-------- Records for the exercise
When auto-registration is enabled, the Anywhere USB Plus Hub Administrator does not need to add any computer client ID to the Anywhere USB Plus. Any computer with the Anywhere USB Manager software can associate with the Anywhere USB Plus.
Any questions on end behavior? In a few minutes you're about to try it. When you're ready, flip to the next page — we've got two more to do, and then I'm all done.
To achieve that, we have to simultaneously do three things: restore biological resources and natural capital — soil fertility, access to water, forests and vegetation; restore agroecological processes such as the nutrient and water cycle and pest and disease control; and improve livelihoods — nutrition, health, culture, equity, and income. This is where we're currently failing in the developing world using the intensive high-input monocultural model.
----------------
-------- Records for the exercise
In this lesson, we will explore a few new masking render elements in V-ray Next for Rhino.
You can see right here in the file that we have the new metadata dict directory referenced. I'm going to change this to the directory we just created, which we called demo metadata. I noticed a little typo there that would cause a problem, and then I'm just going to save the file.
----------------
▸ Task item:
Here the job is to set down exactly the lines of the material above that fall between the one with "When auto-registration is" and the one with "To achieve that, we", inclusive, and nothing beyond them.

▸ Result of this exercise:
When auto-registration is enabled, the Anywhere USB Plus Hub Administrator does not need to add any computer client ID to the Anywhere USB Plus. Any computer with the Anywhere USB Manager software can associate with the Anywhere USB Plus.
Any questions on end behavior? In a few minutes you're about to try it. When you're ready, flip to the next page — we've got two more to do, and then I'm all done.
To achieve that, we have to simultaneously do three things: restore biological resources and natural capital — soil fertility, access to water, forests and vegetation; restore agroecological processes such as the nutrient and water cycle and pest and disease control; and improve livelihoods — nutrition, health, culture, equity, and income. This is where we're currently failing in the developing world using the intensive high-input monocultural model.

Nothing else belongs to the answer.